But it continues to flourish even though several local councils are threatening legal action. The company argues that it is not breaking the law because it makes clear it is not a registered charity.
It also says that the Charity Acts do not apply to its operations because it is not working on behalf of registered charities.
Richards set up Friends of Yours Ltd in March.

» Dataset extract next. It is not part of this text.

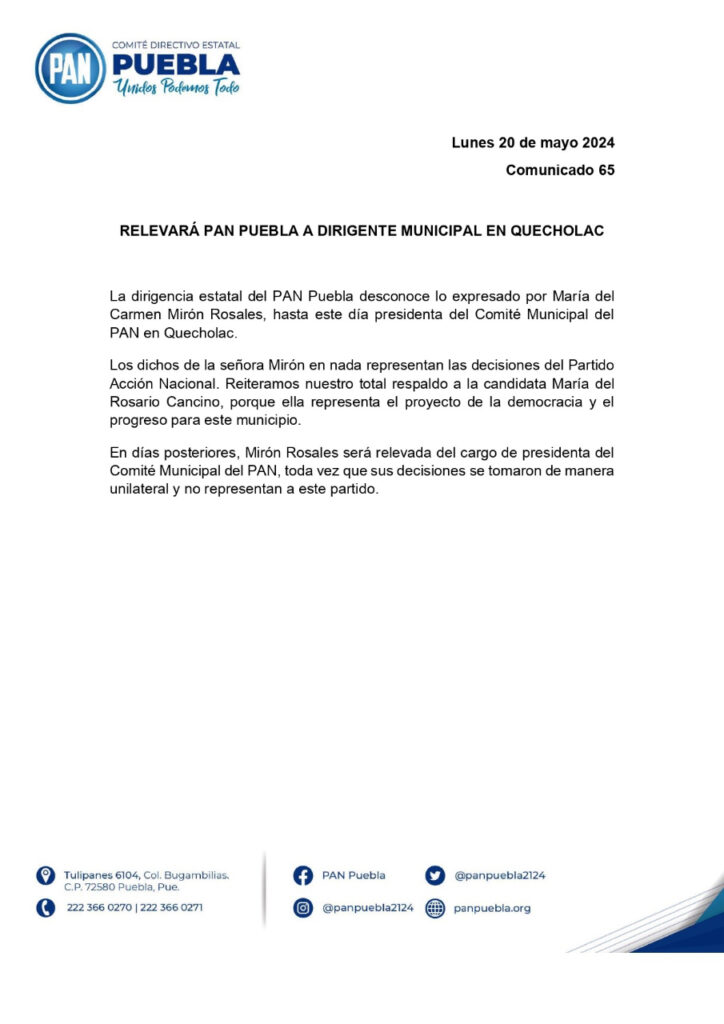 Augusta Valentina despide a dirigente del PAN en Quecholac por criticar a Rosario Cancino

When I rang him this week he referred me to his “legal adviser” Ralph Kissack, who is a struck-off solicitor working for the company for nothing because he is on a sponsored employment training scheme.
Kissack said that salesmen and women – who operate from Surrey to Lancashire – earn £100 to £150 a week.

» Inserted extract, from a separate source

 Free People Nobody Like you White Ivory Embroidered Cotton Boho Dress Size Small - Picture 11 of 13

This contrasted with what he had told a Mirror colleague who had rung up FOY asking for a job a few days earlier.
THE former lawyer told him that they employed 40 “collectors” who each earned up to £500 a week.
“A collector should be able to raise every week and will be allowed to keep 30 per cent as wages,” he said. “We keep the rest.”
Kissack stressed that his company tried to operate within the law, but added: “Sometimes the law is an ass and you have to change the rules.”
When I eventually managed to speak to Richards I asked him about his background.
“I have done lots of things: Worked in a foundry and sold smoke alarms,” he said. “Then I had a bit of personal bother.” He refused to elaborate.
He also refused to tell me how much his company had been taking but he admitted he had so far been able to donate “horrendously little” to charity because he was “ploughing money back into building up the company”.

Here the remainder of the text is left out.